There are an estimated 30 million cases of sepsis every year and sepsis is the 2nd cause of death worldwide and number one cause of preventable death. It is responsible for 6-8 million deaths worldwide and at least 1 million are preventable. It is the 3rd leading cause of maternal mortality (11% of maternal deaths). Pneumonia, malaria and diarrhoeal illnesses are the most important causes of infant mortality (90% as a result of sepsis). One in ten patients are affected by healthcare associated infections.
Though data is limited in regards to the actual burden of sepsis in LMIC, it is estimated to be higher than in HIC due to the higher prevalence of infectious diseases. Data also suggests that morbidity and mortality is higher in LMIC due to limitations in structural, organizational and human resources. Management of sepsis is largely based on clinical trials, research and improvement efforts from resource rich countries; though many efforts are ongoing to adapt international guidance (such as the Surviving Sepsis Campaign 2016) to more resource limited settings and as well to study management interventions in LMIC.
Is sepsis a medical emergency?
Yes, sepsis is a medical emergency. Once a patient with sepsis is recognized, the clock has started to tick. It has been well proven, that early identification and appropriate treatment saves lives. In general, high quality sepsis care involves the following:
- Early recognition and triage.
- Early application of infection prevention and control intervention.
- Early administration of appropriate antimicrobial therapy.
- Early application of safe, live-saving supportive care (includes monitoring).
- Systematic monitoring and reporting of performance indicators to ensure quality care is being delivered.
Why is it important to you?
Improving sepsis care is an integral part of strengthening healthcare systems. A programmatic approach to sepsis improvement will do the following:
- Reduce mortality in your hospital.
- Strengthen the health care system and services.

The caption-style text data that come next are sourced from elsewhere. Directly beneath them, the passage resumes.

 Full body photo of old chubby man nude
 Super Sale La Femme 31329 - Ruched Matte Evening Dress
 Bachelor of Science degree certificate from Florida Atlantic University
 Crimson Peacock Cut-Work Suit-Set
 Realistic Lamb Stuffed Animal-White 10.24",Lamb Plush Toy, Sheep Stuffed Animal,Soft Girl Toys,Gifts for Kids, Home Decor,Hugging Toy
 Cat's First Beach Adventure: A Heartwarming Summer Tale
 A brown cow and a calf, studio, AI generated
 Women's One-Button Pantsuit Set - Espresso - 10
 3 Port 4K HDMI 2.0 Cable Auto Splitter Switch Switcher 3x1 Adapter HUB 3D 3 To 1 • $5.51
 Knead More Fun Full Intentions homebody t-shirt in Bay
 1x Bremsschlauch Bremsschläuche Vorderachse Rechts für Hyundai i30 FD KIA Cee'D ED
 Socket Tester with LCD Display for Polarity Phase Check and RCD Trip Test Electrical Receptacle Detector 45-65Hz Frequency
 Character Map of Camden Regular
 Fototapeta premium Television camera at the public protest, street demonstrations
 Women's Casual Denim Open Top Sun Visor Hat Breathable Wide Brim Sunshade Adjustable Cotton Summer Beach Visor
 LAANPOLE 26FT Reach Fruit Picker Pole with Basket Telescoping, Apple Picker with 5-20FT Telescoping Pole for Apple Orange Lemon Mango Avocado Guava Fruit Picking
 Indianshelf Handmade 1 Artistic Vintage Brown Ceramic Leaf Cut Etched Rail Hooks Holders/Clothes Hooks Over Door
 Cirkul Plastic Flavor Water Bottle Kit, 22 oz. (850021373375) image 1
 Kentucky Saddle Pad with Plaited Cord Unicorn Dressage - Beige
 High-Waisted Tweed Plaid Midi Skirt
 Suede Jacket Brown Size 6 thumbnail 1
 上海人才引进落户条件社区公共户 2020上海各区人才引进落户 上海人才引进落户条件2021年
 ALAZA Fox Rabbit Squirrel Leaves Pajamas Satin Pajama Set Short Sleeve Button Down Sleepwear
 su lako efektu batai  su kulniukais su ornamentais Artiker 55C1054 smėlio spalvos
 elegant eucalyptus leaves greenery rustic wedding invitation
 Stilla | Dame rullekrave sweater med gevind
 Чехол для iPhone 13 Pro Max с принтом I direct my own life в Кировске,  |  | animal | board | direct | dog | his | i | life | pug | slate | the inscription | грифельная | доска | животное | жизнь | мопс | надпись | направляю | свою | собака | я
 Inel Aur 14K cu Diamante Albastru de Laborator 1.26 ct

- Improve management and outcomes for severely ill patients in your hospital.
- Save money and provide cost efficient care.
- Improve the reputation of your hospital.
- Improve staff skills and satisfaction.
- Improve infection prevention/control and reduce healthcare associated infections.
- Contribute to delivering sustainable development goals.
How to use a quality improvement approach to improve sepsis care in your hospital?
Identify key stakeholders and choose a team leader
- Choose a team leader that is well respected, a content expert, a good listener and an enthusiastic champion of the cause.
- Create a team that will lead the improvement efforts. The team should consist of stakeholders, meaning people representing various groups that will be involved and/or support who are needed to make sustained improvements. Team members may include the following:
- Clinicians, such as doctors (emergency physicians, intensivists, surgeons, infectious disease specialists, obstetricians, paediatricians, primary care providers), and other health care workers such as nurses, mid level providers (physician assistants, nurse practitioners), infection prevention specialists, laboratory specialists, microbiologists, pharmacists, physical therapists, and dieticians.
- Non-clinicians, such as audit clerks, information technicians, waste management, security officers, database managers.
- Administrators and managers, including those responsible for budgets and purchasing of equipment and supplies for the hospital.
- Lay people, such as former patients (sepsis survivors) or relatives.
What is the current "reality" of sepsis care?
It is important to understand the current processes of sepsis care in your health care system. In doing so, you will identify challenges and contributing factors for inadequate sepsis care and these will become opportunities for improvement. It is important to consult clinical staff and especially senior clinicians who are at the frontline of care to understand the current processes and obstacles to care.
For example, some of the gaps you may identify include:
- Staff may not understand what sepsis is and how to recognise and treat sepsis.
- Staff may also not be supported to identify patients with sepsis because of their workload, lack of medicine and equipment or senior clinician supervision.
- Staff may be unaware that certain interventions, if initiated early, could save their patient's life.
To understand the workflow involved in caring for patients with sepsis it is important to use standardized tools such as process mapping, fishbone diagrams, and driver diagrams to dissect the work flow in a systematic way (see Appendix A). Patients with sepsis can present at the pre-hospital setting (primary health center, ambulance services) or hospital setting. At the pre-hospital setting, a patient with sepsis must be recognized early, treated promptly if they have emergency signs and then transported safely to a hospital. At the hospital setting, patients with sepsis may present to the emergency department or develop sepsis while on the hospital ward or ICU. Thus, there are many opportunities in the daily workflow of the primary health center, emergency departments, hospital wards and ICU in which you can make an intervention to improve sepsis care. The team of stakeholders will determine where to focus the efforts initially and then how to evolve.